Far from being simply a military document, the CBSA report deals with the differences that have emerged in the Australian political and strategic circles over commitment to the Obama administration’s “pivot.” It points obliquely to the fundamental dilemma facing Australian imperialism, which relies heavily on trade with China, but depends on the US military alliance to prosecute its own neo-colonial interests in the Asia-Pacific.
All the various tendencies identified by the CBSA in “Australia’s ongoing strategic debate” support the US alliance. What the report terms “alliance minimalists,” such as strategic analyst Hugh White, have emphasised the dangers of war and economic retribution by China if Australia too closely associates with the “pivot.” The “alliance maximalists” are personified by Ross Babbage of the Kokoda Foundation, who advocates an Australian military that can “rip an arm off any major Asian power that seeks to attack Australia.” The “incrementalists”—most commentators and politicians—lie somewhere in between. While the classifications employed are rather artificial and misleading, the CBSA report is further evidence that Washington is following, and intervening in, the political debate in Canberra very closely.

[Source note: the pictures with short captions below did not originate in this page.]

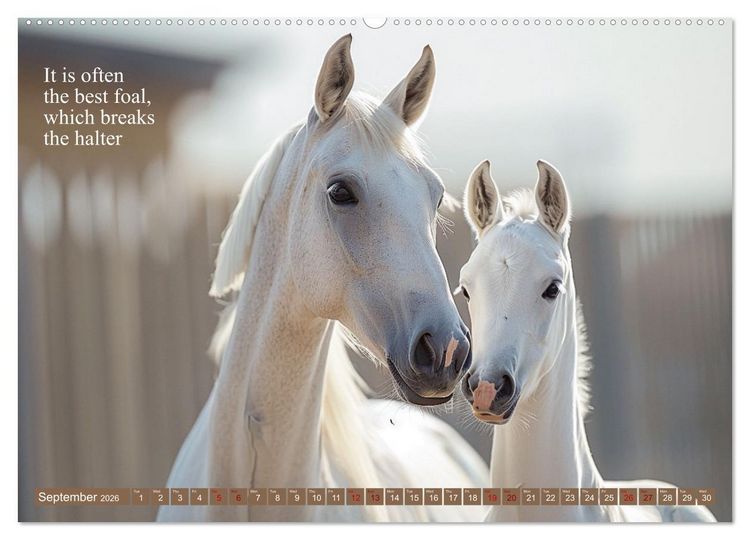 Produktbild: A Horse Makes You Complete (High Quality Premium Wall Calendar 2026 DIN A2 landscape),CALVENDO 12 Month Wall Calendar
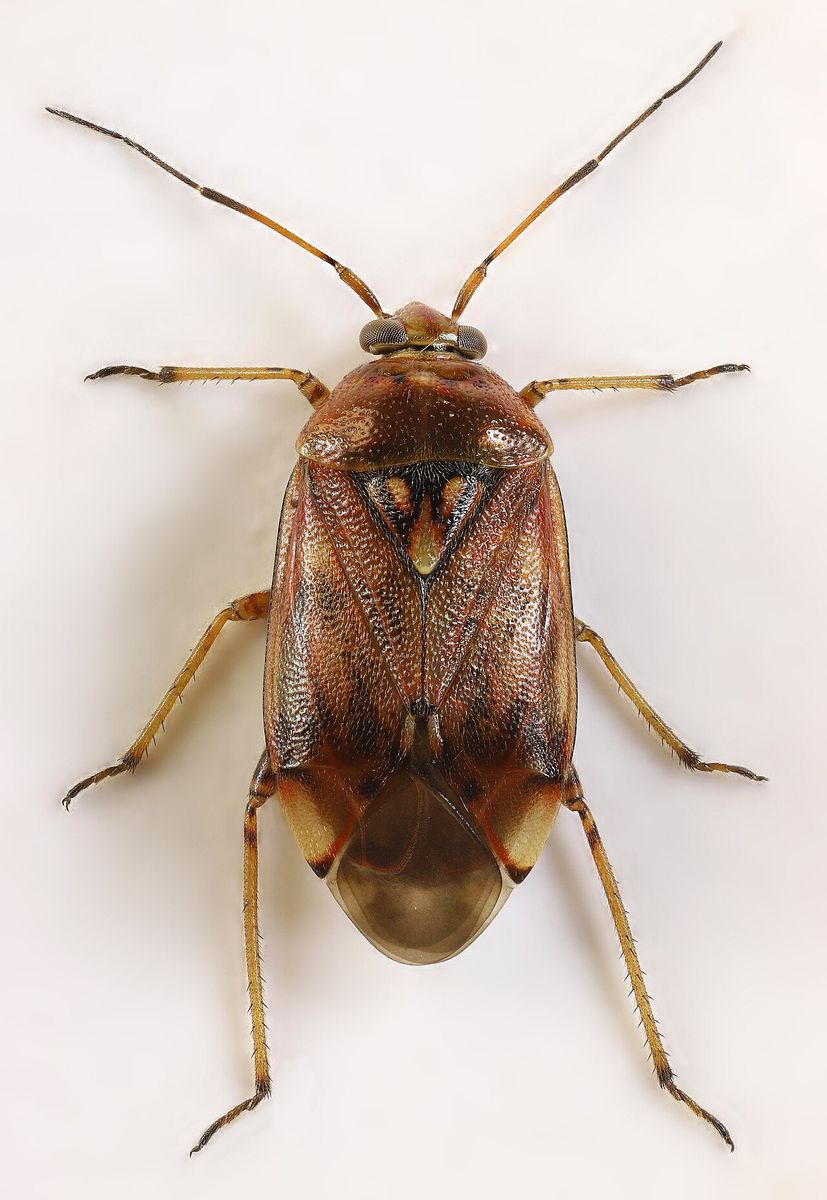 European Tarnished Plant Bug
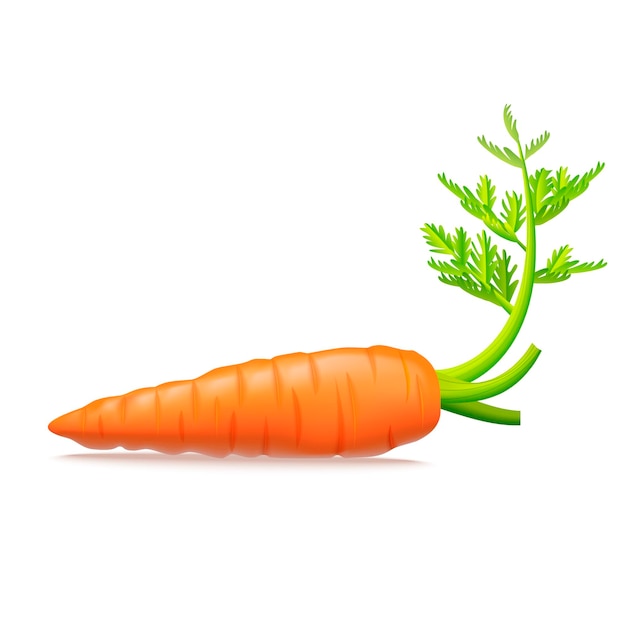 Реалистичная подробная 3d морковь с вектором листьев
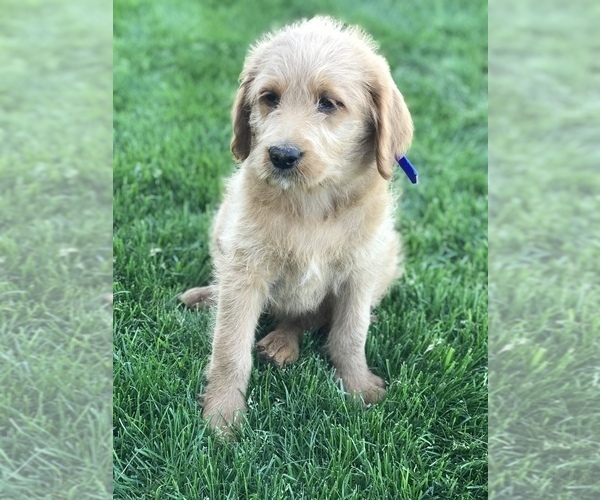 Medium Photo #4 Labradoodle Puppy For Sale in BOWLING GREEN, KY, USA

The CBSA’s attitude is made abundantly clear by its critical attitude to both the “alliance minimalists” and “incrementalists.” Moreover, the report regards the “debate” as all but over. “Australia has already crossed this strategic Rubicon [of aligning against China], providing the US Marine Corps access to Darwin and sharing intelligence, communications and space surveillance facilities at Pine Gap and Exmouth,” it states. The fact that “Washington’s prime area of strategic concern is [now] located on Australia’s very doorstep” means shared security concerns and “a strategic consensus in Australia” that it must “emerge as more of a maritime power.” This necessitates additional defence spending. The report concludes by outlining the need for “a greater budgetary effort” to purchase long-range warplanes and submarines and vastly expand military infrastructure.
The CBSA report makes for chilling reading. Its detailed analysis of basing arrangements, missile ranges, submarine transit times, aircraft types and infrastructure requirements, as well as the tactics and strategy of battle, underlines the advanced character of the US preparations for conflict with China. The Pentagon is drawing up war plans not for decades into the future, but for the years immediately ahead. Moreover, while the report deals only with a conventional war with China, the authors are well aware of the danger that it will expand into nuclear war.
The report’s candid discussion of US war with China stands in stark contrast to the virtual silence in the Australian media and political establishment, which serves a definite purpose: to chloroform workers and youth about the dangers that they face and prevent the emergence of a powerful anti-war movement in Australia, Asia and internationally, which these war preparations will sooner or later produce.